* [Exercise prompt]: Write the listing out again word for word, skipping each picture.

* [Dataset entries]:
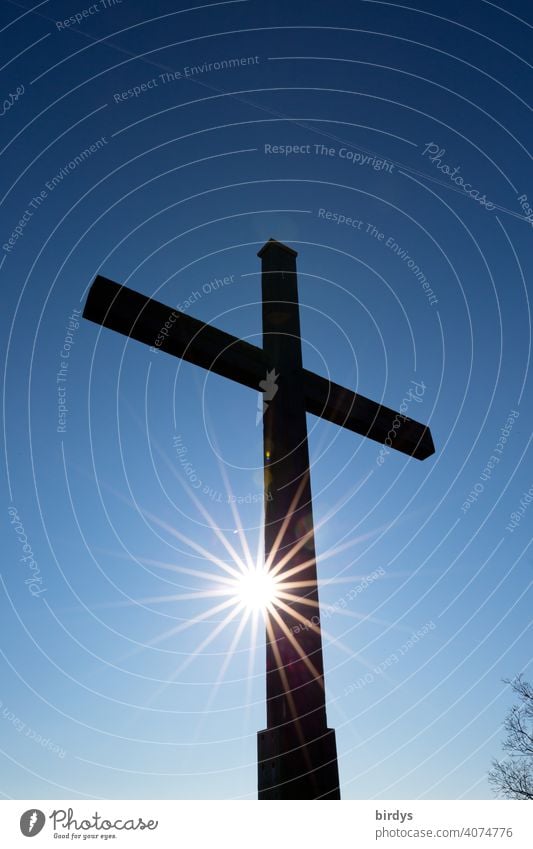 christliches Feldkreuz vor blauem Himmel mit strahlender Sonne. Kreuz, Gegenlichtaufnahme Christentum Kirche Christliches Kreuz Religion & Glaube Katholizismus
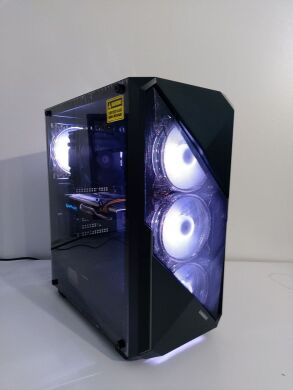 Ігровий ПК GameMax Revolt ARGB Tower / Intel Core i7-7700 (4 (8) ядра по 3.6 - 4.2 GHz) / 32 GB DDR4 / 256 GB SSD M.2 + 480 GB SSD + 500 GB HDD / AMD Radeon RX 570, 8 GB GDDR5, 256-bit / 850W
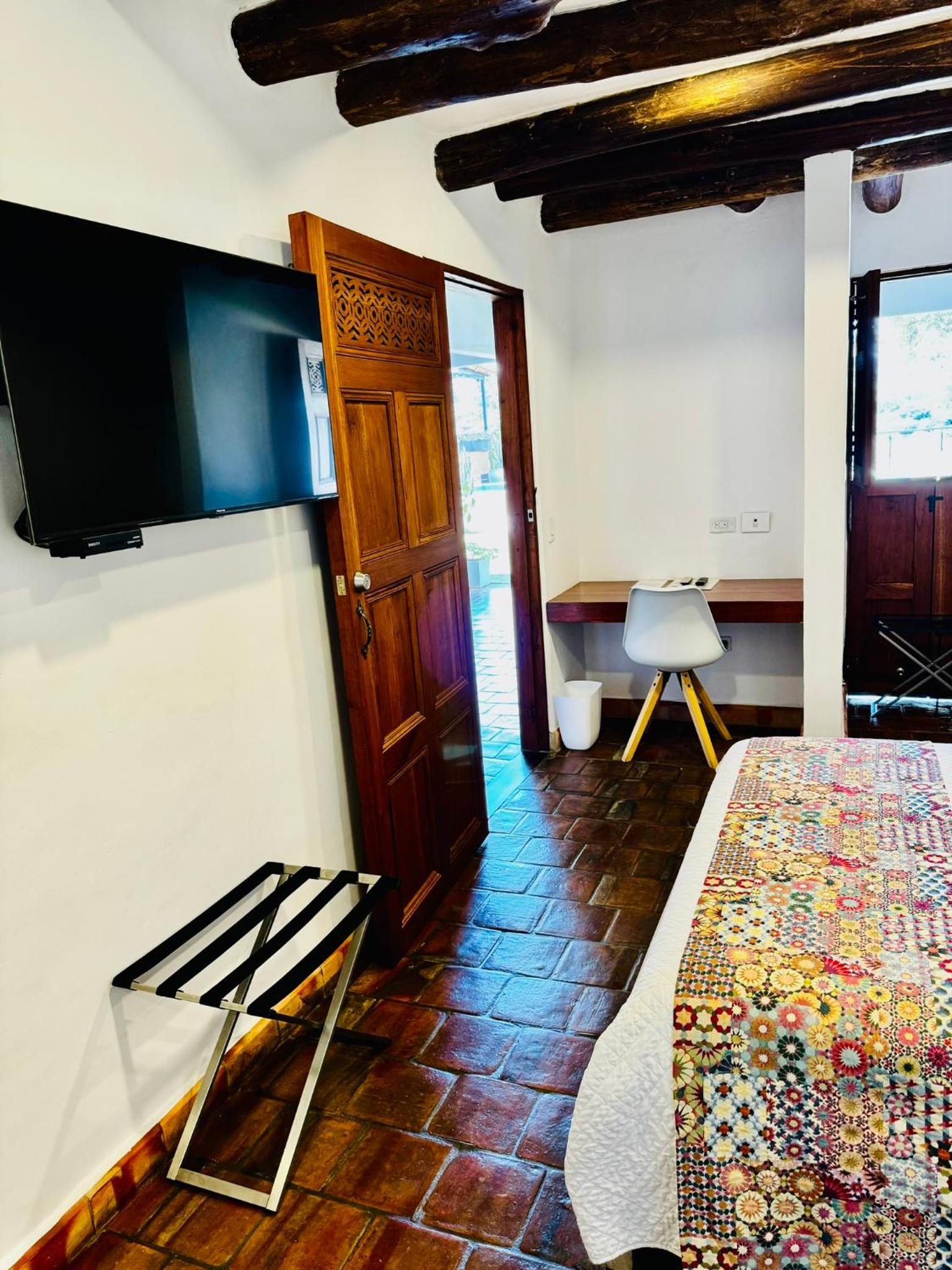 Standard Double Room with Pool View photo 3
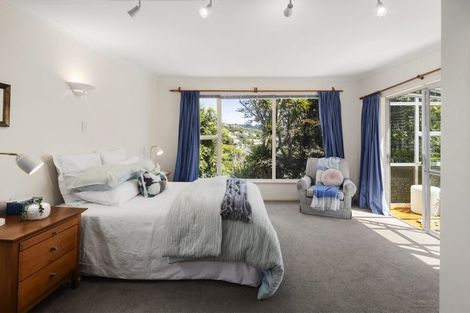 Photo of property in 10 Donald Crescent, Karori, Wellington, 6012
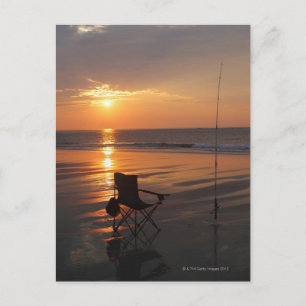 Angelrute und -stuhl am Ozean am Anfang Postkarte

* [Solved problem]:
 christliches Feldkreuz vor blauem Himmel mit strahlender Sonne. Kreuz, Gegenlichtaufnahme Christentum Kirche Christliches Kreuz Religion & Glaube Katholizismus
 Ігровий ПК GameMax Revolt ARGB Tower / Intel Core i7-7700 (4 (8) ядра по 3.6 - 4.2 GHz) / 32 GB DDR4 / 256 GB SSD M.2 + 480 GB SSD + 500 GB HDD / AMD Radeon RX 570, 8 GB GDDR5, 256-bit / 850W
 Standard Double Room with Pool View photo 3
 Photo of property in 10 Donald Crescent, Karori, Wellington, 6012
 Angelrute und -stuhl am Ozean am Anfang Postkarte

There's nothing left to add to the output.